--- Stored data Enclosed Below ---
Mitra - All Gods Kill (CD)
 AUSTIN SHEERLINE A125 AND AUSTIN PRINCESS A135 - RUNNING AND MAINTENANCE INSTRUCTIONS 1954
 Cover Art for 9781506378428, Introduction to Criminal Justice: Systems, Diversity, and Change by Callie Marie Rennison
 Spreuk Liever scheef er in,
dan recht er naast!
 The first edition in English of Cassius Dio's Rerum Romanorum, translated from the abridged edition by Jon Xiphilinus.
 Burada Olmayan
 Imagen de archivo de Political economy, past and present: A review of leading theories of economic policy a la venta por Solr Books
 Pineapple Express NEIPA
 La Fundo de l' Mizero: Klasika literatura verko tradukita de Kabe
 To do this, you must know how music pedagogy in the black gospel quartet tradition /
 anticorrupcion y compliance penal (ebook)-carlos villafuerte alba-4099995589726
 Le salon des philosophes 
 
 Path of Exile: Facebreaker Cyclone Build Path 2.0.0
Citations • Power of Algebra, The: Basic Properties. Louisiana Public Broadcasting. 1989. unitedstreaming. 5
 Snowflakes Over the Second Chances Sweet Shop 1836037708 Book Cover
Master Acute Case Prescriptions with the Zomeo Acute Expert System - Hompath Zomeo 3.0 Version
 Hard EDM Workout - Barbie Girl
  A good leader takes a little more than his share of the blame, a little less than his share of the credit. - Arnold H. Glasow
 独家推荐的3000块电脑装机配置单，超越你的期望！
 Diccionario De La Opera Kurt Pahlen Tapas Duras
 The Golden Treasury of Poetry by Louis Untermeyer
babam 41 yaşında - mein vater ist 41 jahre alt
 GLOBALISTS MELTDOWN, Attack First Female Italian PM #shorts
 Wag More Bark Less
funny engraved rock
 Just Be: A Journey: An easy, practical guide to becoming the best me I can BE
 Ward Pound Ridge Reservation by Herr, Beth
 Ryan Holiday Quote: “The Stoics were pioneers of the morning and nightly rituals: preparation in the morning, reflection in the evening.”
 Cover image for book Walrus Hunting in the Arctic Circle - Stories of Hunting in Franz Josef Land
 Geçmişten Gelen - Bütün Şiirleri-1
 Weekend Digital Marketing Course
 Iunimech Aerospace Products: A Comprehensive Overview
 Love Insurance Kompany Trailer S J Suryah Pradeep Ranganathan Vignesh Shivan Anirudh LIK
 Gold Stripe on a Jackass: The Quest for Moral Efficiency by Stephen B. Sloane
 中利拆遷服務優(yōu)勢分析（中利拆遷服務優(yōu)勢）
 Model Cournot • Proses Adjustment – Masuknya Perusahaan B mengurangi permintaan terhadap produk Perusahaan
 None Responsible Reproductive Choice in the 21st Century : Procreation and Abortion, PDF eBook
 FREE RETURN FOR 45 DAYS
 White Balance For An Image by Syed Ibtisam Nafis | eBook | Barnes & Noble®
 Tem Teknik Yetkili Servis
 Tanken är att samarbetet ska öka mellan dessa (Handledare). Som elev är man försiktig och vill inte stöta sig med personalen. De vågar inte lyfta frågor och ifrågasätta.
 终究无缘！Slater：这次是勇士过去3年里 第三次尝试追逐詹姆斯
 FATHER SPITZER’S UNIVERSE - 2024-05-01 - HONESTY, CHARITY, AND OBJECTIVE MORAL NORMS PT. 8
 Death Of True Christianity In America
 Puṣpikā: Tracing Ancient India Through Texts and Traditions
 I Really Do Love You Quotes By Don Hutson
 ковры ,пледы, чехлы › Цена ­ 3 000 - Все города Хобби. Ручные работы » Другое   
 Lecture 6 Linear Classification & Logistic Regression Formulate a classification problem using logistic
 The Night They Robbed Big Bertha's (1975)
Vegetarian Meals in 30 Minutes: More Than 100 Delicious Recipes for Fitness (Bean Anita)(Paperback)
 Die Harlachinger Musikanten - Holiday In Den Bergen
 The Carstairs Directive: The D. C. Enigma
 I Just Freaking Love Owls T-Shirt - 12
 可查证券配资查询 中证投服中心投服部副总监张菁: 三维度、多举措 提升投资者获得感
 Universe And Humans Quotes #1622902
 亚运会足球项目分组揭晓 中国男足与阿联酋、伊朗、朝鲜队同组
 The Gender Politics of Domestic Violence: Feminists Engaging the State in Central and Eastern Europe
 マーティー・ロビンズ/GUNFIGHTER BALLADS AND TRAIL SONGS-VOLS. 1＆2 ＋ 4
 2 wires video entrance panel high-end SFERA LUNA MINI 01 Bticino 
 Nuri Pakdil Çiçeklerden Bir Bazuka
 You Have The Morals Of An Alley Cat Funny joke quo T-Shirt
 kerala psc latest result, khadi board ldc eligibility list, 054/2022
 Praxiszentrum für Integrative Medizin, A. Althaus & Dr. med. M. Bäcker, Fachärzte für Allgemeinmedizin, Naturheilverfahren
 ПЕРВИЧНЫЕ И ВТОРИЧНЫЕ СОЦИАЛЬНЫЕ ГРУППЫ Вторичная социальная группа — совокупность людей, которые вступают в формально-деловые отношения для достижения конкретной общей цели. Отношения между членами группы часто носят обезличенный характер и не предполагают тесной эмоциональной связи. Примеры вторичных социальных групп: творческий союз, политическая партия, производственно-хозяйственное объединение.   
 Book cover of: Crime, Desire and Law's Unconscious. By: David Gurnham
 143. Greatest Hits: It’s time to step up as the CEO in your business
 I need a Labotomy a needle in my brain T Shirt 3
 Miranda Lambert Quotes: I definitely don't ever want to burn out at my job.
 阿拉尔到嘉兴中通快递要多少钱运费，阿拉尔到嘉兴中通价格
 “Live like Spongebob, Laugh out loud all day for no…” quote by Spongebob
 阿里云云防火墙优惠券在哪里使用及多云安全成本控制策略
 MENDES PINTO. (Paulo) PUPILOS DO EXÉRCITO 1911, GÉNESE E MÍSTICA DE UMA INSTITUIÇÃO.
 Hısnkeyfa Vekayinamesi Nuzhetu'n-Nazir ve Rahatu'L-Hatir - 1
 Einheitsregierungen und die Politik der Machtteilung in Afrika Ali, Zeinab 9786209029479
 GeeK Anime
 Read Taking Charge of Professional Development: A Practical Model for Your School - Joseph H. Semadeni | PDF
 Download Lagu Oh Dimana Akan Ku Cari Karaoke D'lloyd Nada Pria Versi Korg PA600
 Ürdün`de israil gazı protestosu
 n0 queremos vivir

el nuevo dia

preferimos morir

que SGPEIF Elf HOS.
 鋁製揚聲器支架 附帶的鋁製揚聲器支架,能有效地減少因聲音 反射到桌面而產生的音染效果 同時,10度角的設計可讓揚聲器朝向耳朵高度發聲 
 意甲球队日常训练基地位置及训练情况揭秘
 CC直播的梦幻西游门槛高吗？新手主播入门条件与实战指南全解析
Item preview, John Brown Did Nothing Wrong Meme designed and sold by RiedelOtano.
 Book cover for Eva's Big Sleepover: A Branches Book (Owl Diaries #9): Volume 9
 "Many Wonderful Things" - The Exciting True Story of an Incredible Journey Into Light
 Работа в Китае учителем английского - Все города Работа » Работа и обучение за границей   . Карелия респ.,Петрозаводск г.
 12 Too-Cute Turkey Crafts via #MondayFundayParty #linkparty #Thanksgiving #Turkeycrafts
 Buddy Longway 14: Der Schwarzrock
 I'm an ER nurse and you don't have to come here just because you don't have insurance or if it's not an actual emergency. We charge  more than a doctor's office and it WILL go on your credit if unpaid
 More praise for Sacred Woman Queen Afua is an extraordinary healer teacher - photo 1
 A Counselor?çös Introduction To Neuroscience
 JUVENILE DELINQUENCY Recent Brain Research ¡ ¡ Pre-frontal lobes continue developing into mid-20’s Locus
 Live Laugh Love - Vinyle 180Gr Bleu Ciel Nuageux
--- End of Enclosed Stored data ---
In how many lines of the records does the string "Model" occur? Answer with the number alone.

2